[Short descriptive text snippets]
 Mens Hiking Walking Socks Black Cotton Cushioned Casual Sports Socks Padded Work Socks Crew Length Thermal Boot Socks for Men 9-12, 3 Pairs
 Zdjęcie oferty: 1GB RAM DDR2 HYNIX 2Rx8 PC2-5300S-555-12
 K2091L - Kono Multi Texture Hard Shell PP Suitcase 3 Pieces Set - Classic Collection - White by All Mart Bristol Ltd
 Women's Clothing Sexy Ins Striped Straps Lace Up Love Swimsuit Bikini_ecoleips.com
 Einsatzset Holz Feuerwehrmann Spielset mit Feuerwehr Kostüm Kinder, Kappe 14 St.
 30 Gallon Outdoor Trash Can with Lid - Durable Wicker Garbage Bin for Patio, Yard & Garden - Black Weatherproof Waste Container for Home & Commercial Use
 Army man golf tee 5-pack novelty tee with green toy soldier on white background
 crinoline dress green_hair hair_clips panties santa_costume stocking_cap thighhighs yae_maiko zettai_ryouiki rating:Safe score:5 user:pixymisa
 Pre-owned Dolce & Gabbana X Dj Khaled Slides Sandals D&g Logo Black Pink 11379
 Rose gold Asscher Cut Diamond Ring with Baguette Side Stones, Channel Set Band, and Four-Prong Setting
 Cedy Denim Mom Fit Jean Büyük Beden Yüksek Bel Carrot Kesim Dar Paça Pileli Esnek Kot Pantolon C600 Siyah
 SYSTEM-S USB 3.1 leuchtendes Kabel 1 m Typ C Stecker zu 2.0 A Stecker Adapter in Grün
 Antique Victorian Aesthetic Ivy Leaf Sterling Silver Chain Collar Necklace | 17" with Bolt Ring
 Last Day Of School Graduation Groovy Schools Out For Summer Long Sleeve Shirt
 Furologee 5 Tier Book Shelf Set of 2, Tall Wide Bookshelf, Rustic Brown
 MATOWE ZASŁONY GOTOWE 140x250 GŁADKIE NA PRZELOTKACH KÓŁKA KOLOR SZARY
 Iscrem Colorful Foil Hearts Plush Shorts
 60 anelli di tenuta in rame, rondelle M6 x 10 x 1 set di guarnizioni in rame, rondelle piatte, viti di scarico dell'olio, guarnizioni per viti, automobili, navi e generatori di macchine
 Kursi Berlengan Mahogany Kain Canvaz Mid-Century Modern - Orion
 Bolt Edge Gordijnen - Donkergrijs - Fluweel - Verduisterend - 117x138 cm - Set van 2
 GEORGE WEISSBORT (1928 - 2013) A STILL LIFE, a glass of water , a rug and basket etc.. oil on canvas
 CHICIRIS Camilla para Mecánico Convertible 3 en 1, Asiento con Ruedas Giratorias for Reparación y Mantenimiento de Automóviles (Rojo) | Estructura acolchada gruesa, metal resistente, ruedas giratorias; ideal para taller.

The problem
Write out every line of the entries that holds the word "Bolt".

Exercise response
 Antique Victorian Aesthetic Ivy Leaf Sterling Silver Chain Collar Necklace | 17" with Bolt Ring
 Bolt Edge Gordijnen - Donkergrijs - Fluweel - Verduisterend - 117x138 cm - Set van 2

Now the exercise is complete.